Here's a few of Margaret Fay Shaw images of a traditional Hebridean Halloween, South Uist, Scotland in 1932.
Margaret was fascinated with local folklore customs and in 1932 she decided to take images, still and film, of the local children as they dressed up to celebrate Halloween or Oidhche nan Cleas (‘Night of Tricks’).
Sheepskins – including the scraped-out skull and ears – were commonly used to hide the identity of a guiser.
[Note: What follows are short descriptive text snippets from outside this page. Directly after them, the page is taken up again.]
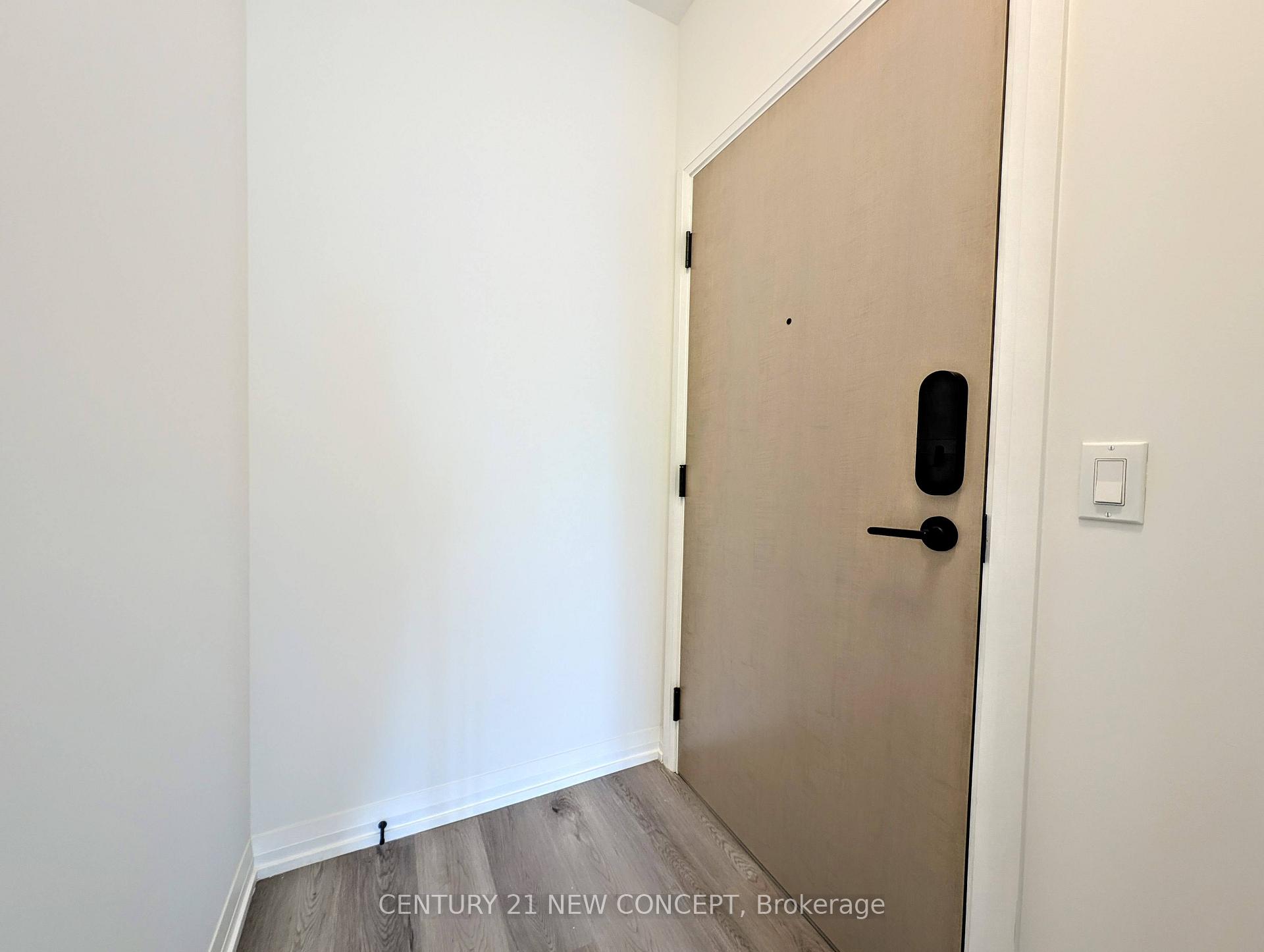 Photo 5 of Unit 2510, 280 Dundas Street W, Toronto, Kensington-Chinatown — HOMEH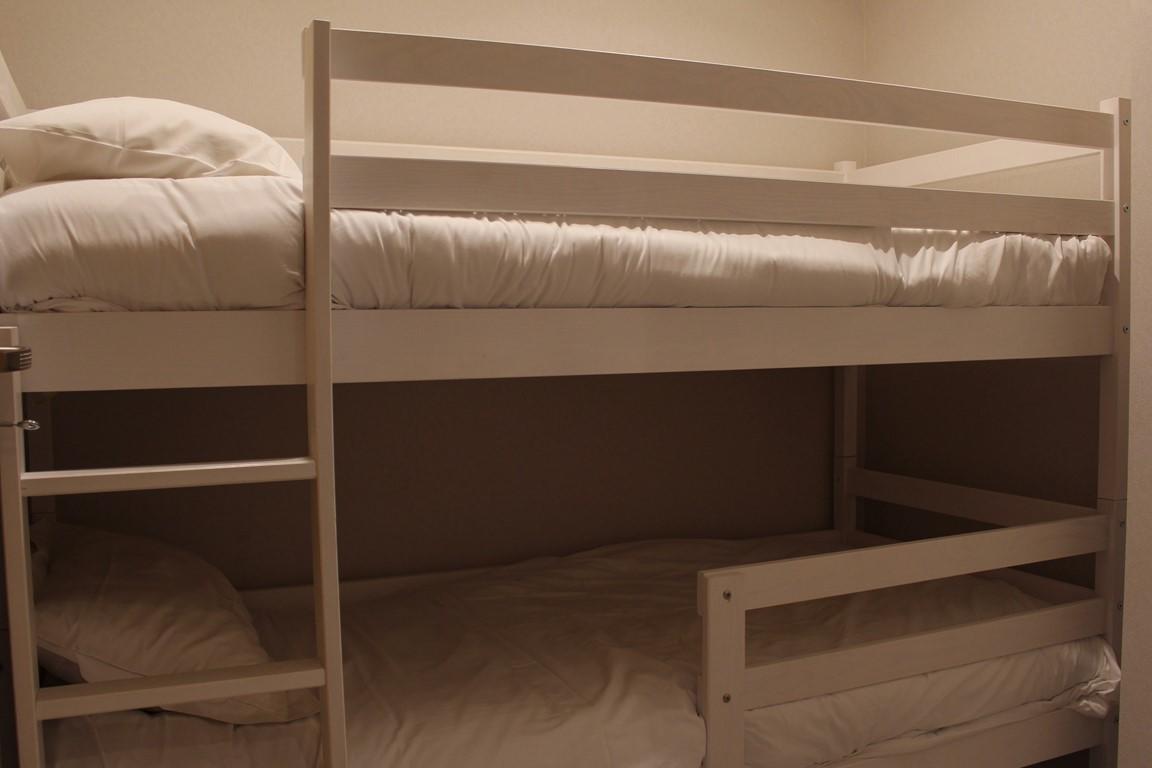 Yatt Hotel Arcachon Kültér fotó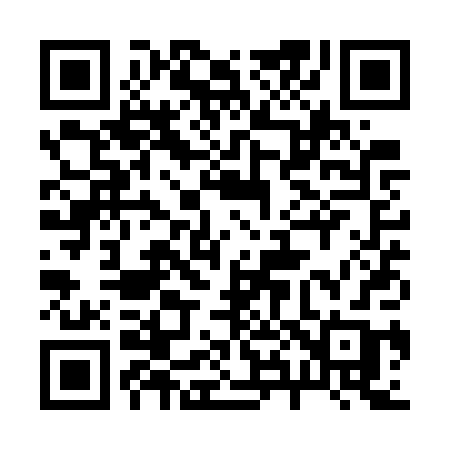 QR code for 281WPB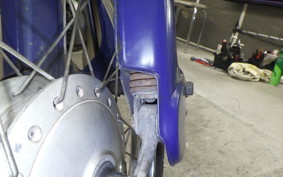 HONDA C50 SUPER CUB 2020 C50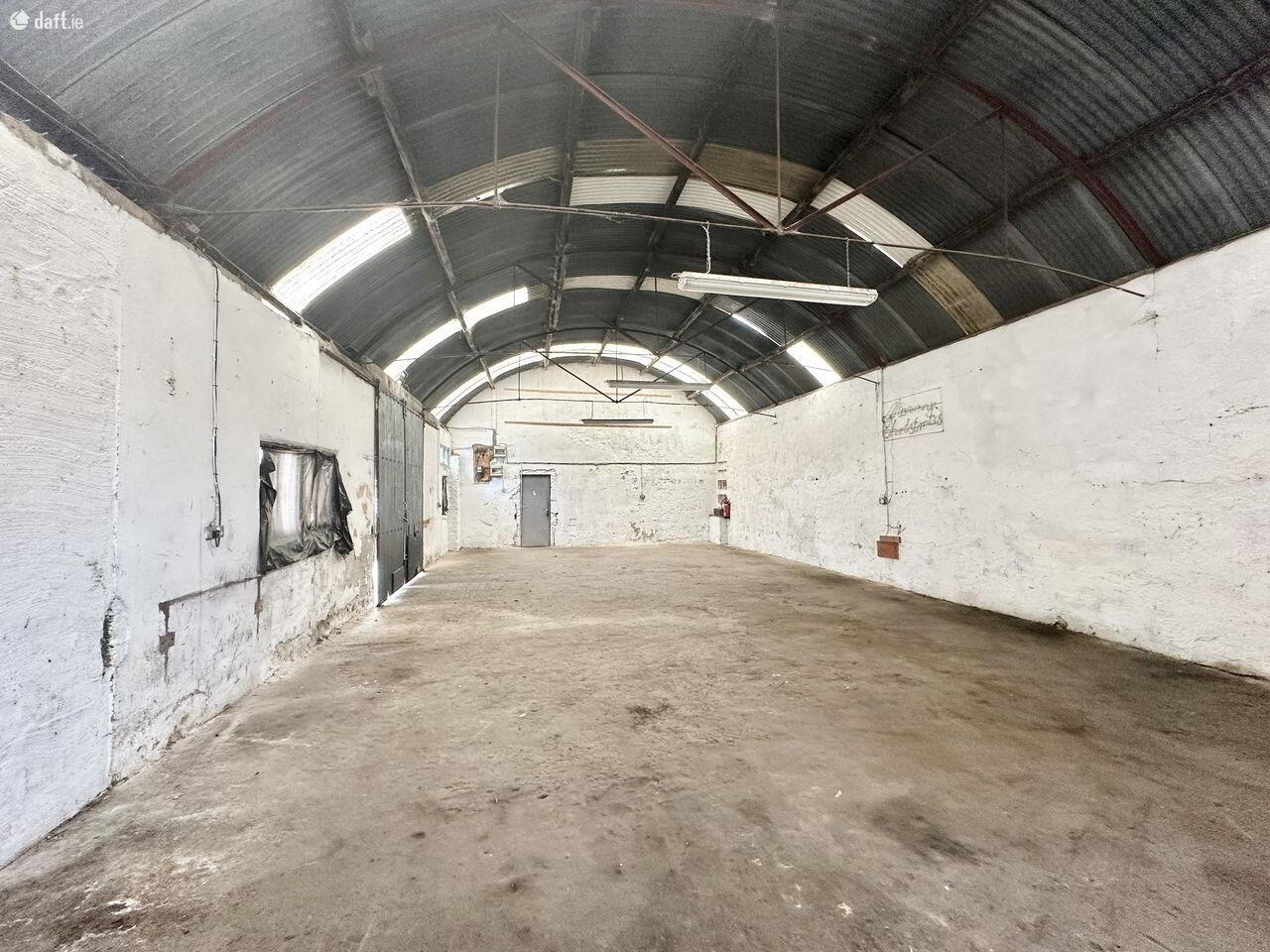 Hall Street 6 of 26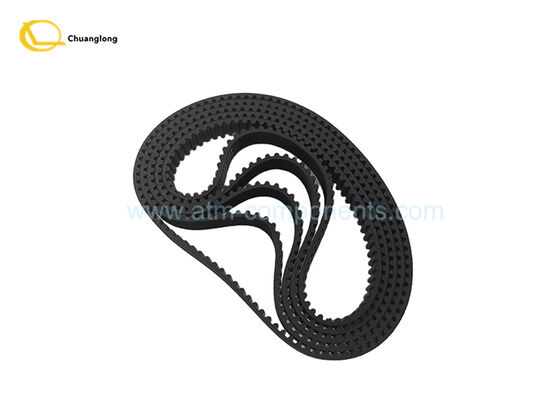 4450669517 445-0669517 ATM Parçaları NCR 6622 LVDT Taşıma Kemerleri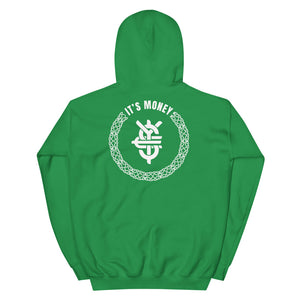 suffering hoodies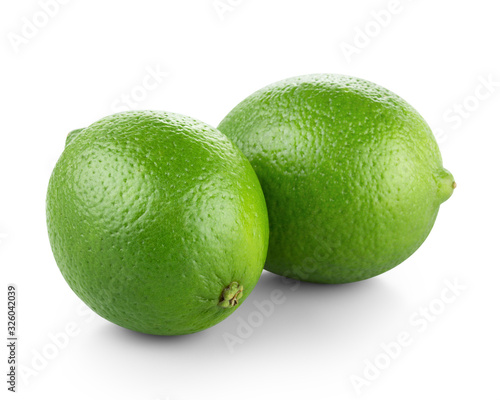 Canvas-taulu Limes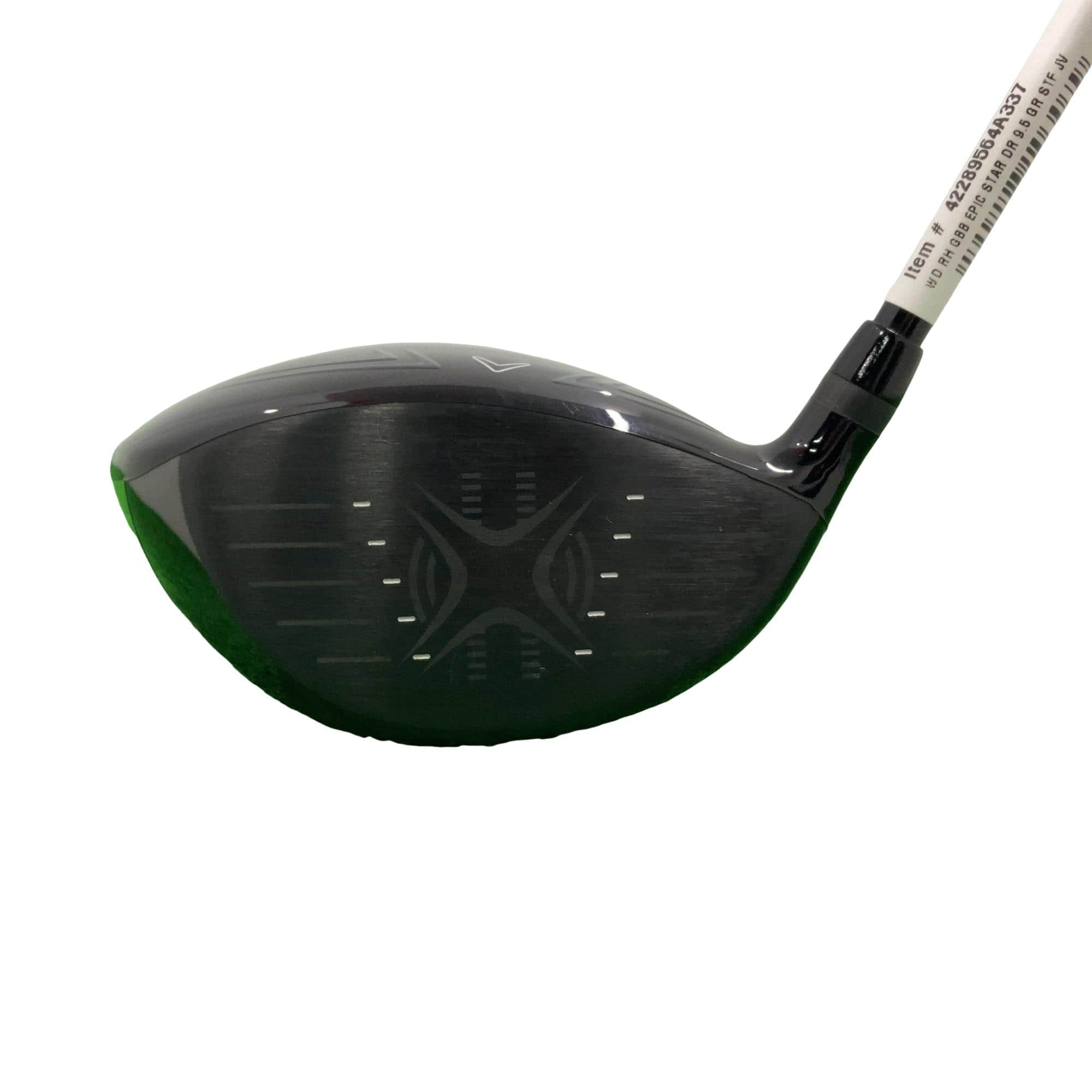 �f�a�a�@�d�o�h�b�@�r�s�`�q�@�@�X�D�T°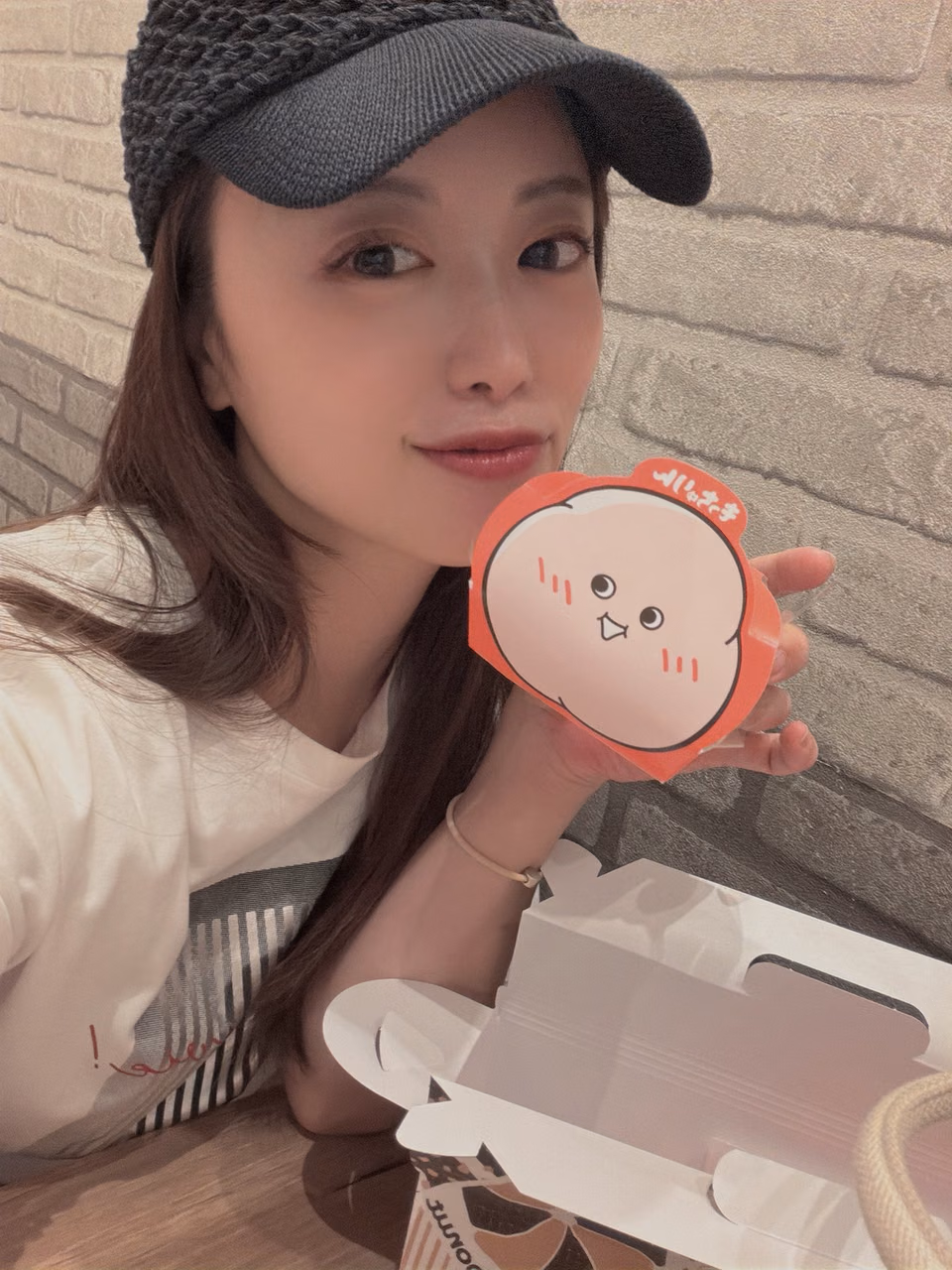 하야사카 히토미 9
The gìsears would carry lit peats to guide them from house to house, where they gave a song or told a fealla-dha (joke) in return for a treat, usually a scone or a bannock
And here's a clip of the footage recorded by Margaret Fay Shaw in 1932, with an original audio recording by Pèigi Macrae.
Video via NTS, full video held by Canna House Archives and Collections
Pèigi MacRae was born in Lochmaddy in 1874. Pèigi and her sister Màiri supplied Margaret with several songs for the book Folksongs and Folklore of South Uist.
Pèigi and Màiri are pictured below.
Margaret Fay Shaw was born in Pittsburgh in 1903, and after being orphaned at an early age she was sent to Scotland in 1921. She settled in South Uist in 1928, and began manually transcribing folk songs, learning the Gaelic language and documenting the island.